The route is signed in its entirety as U.S. Highway 75 (US 75); the first half is also signed as US 64 and State Highway 51 (SH-51), and the latter half is known as the Cherokee Expressway. The 2.86 mi freeway was first planned around 1957 with construction occurring into the 1970s before being fully open in 1981. I-444 was originally signed as such until 1995.

==Route description==
I-444 begins at its western terminus near the Arkansas River on the southwest side of Downtown Tulsa. It serves traffic heading to and from locations including Okmulgee, Oklahoma City, and Sand Springs, Oklahoma, as well as Joplin, Missouri. It splits from a complete interchange with I-244, which is also known as the Red Fork Expressway, at exit 4B and borders the southern side of downtown. I-444 carries concurrencies with US 64, US 75, and SH-51. A mile east, there is an incomplete junction at 11th Street and Houston Avenue that allows westbound traffic to exit and eastbound traffic to enter from 12th street. The next interchange provides access to 13th Street, Denver Avenue, and Cheyenne Avenue. Westbound movements here are also made from 12th street.

I-444 continues east before it turns to the north with US 75. US 64 and SH-51 split from I-444 at this point and continue eastward as the Broken Arrow Expressway. On the eastern side of downtown, I-444 is known as the Cherokee Expressway. A full junction allows vehicles to exit at 7th Street and enter from 8th street. I-444 then reaches its eastern terminus on the northeast side of downtown at another interchange with I-244, this time at exit 6B. I-244 now carries US 412, and is known as the Crosstown Expressway. Eastbound exiting traffic heads towards Joplin while westbound exiting traffic is signed for Oklahoma City. The US 75 freeway continues northbound as the Cherokee Expressway towards Bartlesville.

The total length of I-444 is 2.86 mi long and serves Tulsa. It makes up the eastern and southern sections of the Inner Dispersal Loop.

==History==
Plans to enclose portions of Tulsa with Interstate Highways existed as early as 1957. Labeled as "Tulsa's Comprehensive Plan", the IDL would develop a beltway around Downtown Tulsa.
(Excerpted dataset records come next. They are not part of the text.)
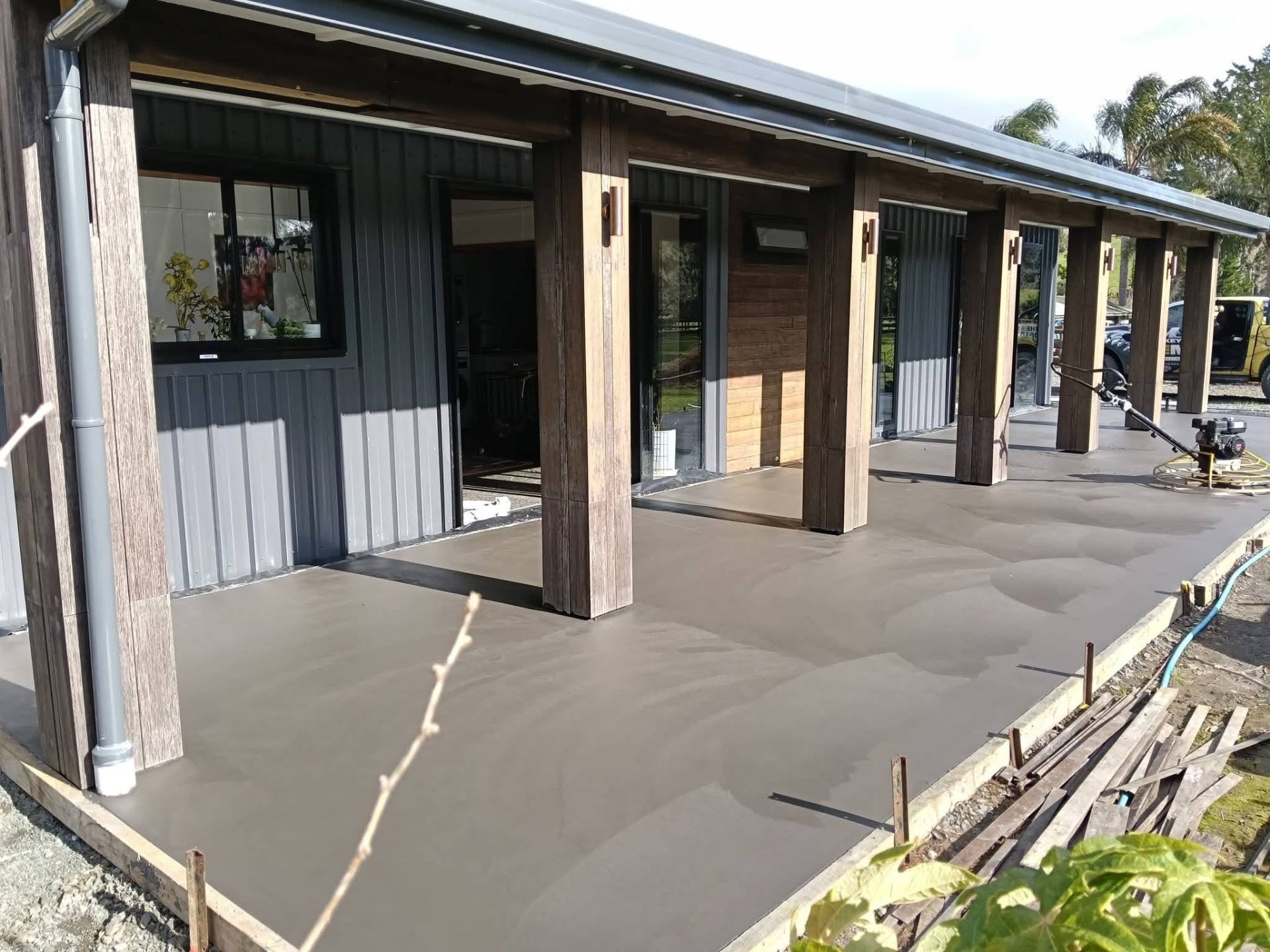 Finished concrete patio and veranda surround on a modern Northland home by Henwood Concrete.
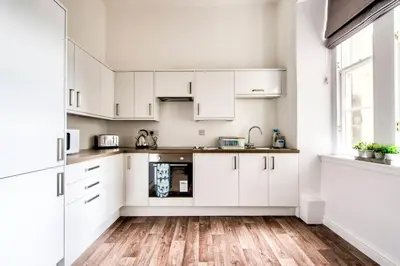 a kitchen with white cabinets and a wooden floor at Lothian Road - perfect city centre location. in Edinburgh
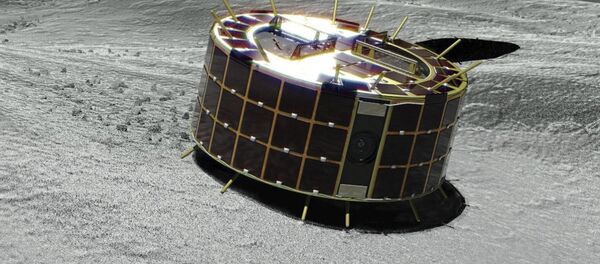 Esta imagen gráfica muestra dos rovers Minerva-II-1 con forma de tambor en un asteroide Esta imagen gráfica muestra dos rovers Minerva-II-1 con forma de tambor en un asteroide - Sputnik Mundo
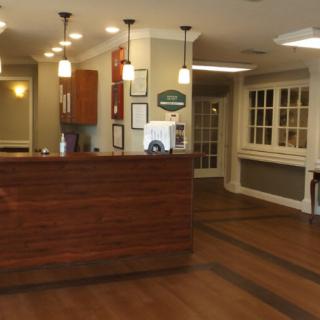 A neatly designed reception area featuring a wooden counter and modern lighting.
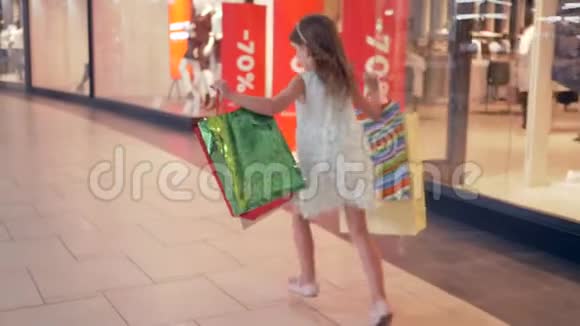 购物日在时尚精品店购买后手里拿着包裹的快乐女孩穿过购物中心视频的预览图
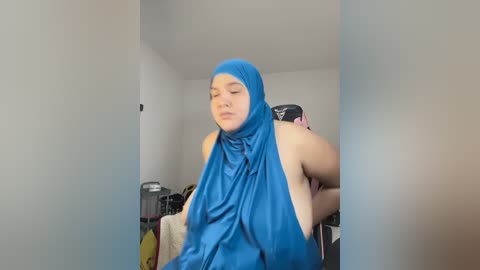 Media: Video of a young woman with fair skin and a slender build, wearing a bright blue hijab and a sleeveless top, standing in a minimalist, white-walled room with a cluttered desk in the background.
Construction on these freeways continued into the late 1970s. The final portion opened on November 5, 1981.

Both I-244 and I-444 initially used exit numbers and milemarkers that continued counting from where they split at I-44. This resulted in I-444 utilizing numbers in the 90s, despite being less than three miles long. I-444 was later resigned to avoid confusion caused from the previous numbering scheme. In 1995, further confusion between I-244 and I-444 prompted the Oklahoma Department of Transportation (ODOT) to convert I-444 into an unsigned route in favor of signing its concurrencies instead. At this point, the exit numbers were removed from signs leaving only the lettered suffixes. These letters were also eventually removed from signs.

In 2021, the Oklahoma House of Representatives tentatively approved a study to explore future alternatives to the Inner Dispersal Loop due to its appearance and expensive cost to maintain.

==Exit list==
Exit numbers and mileposts no longer exist.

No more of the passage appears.